Decía Tom Gayner, uno de los grandes inversores de la historia, que a los principales ejecutivos de una empresa hay que exigirles inteligencia e integridad. La misma regla es aplicable a la política: no en vano son los ´ejecutivos´ de una nación. Un político honrado pero ingenuo puede resultar tan peligroso como otro inteligente pero sin escrúpulos. En España hemos tenido sobrados ejemplos de los dos tipos. Y se puede añadir otro peor, que es la suma de la estupidez y la corrupción; o, cuando menos, la suma de la frivolidad con el impetuoso deseo de conservar el poder a toda costa. El electoralismo consiste básicamente en esto.

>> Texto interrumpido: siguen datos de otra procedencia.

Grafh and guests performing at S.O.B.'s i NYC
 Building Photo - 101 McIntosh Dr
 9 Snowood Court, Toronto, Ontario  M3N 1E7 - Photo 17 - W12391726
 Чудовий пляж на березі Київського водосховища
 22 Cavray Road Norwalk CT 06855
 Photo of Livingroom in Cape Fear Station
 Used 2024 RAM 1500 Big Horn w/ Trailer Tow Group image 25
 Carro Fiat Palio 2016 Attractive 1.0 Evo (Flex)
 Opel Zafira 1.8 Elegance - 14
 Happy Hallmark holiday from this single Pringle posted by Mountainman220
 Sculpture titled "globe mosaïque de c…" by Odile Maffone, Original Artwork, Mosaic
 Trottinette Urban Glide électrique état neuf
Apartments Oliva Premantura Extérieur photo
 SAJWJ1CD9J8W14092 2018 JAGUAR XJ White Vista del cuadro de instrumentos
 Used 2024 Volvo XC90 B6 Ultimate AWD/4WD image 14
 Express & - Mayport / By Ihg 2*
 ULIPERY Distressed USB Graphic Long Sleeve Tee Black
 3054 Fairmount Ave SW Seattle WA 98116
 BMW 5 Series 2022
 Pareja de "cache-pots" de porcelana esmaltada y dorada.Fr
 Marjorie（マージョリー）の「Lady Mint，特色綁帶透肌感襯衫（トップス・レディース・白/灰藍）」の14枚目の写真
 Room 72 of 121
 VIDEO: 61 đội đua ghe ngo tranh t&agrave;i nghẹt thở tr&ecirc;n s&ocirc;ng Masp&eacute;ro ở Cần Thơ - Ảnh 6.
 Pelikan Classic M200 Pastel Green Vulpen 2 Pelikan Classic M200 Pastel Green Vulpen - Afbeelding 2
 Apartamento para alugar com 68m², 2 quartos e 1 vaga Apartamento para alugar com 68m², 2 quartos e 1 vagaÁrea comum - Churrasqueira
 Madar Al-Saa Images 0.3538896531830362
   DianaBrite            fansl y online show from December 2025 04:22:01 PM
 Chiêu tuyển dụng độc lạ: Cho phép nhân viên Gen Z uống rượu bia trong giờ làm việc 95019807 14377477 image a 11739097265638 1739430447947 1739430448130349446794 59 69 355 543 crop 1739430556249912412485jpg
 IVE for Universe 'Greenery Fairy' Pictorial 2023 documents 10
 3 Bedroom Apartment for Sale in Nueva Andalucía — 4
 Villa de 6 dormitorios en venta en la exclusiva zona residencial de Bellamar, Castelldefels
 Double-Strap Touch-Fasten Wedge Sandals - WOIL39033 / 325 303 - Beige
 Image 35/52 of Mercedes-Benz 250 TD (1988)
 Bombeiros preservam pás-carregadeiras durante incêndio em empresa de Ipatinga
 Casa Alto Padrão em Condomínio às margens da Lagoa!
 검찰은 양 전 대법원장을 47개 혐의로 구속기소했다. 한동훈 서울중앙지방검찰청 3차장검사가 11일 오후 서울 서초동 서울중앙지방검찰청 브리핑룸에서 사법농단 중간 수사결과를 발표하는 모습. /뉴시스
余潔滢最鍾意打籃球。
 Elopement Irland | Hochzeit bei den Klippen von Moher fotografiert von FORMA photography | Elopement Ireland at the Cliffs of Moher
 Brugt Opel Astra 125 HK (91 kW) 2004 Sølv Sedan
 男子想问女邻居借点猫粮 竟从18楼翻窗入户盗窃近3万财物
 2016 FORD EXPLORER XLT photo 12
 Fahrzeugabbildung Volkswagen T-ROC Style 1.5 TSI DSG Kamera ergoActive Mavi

Un ejemplo reciente lo tenemos en los presupuestos que, tras el pacto con el PNV, ostentan un rostro marcadamente saturniano. Ajustar las pensiones al incremento del IPC significa agravar el ingente déficit estructural de la Seguridad Social, cuando la bomba demográfica -España está llamada a ser uno de los países más envejecidos del mundo- todavía no ha mostrado la plenitud de sus efectos. Que un gobierno no resista el canto de sirenas de los pensionistas, ceda al chantaje electoralista del PNV y se dedique a erosionar el pacto entre generaciones, financiando con deuda su última improvisación, sólo sirve para apuntalar el descrédito de una clase política que vive prisionera de los demonios del presente. Por supuesto, ya sabemos cómo terminará esta historia: habrá más recortes en el futuro -cuando la próxima crisis nos encuentre menos preparados fiscalmente-, pagaremos más impuestos y la cohesión entre las distintas generaciones será menor. La irresponsabilidad tiene sus costes. Y, al igual que el hijo pródigo, me temo que no sólo hemos consumido la herencia de nuestros padres, sino que ahora necesitamos sacrificar el futuro de nuestros hijos.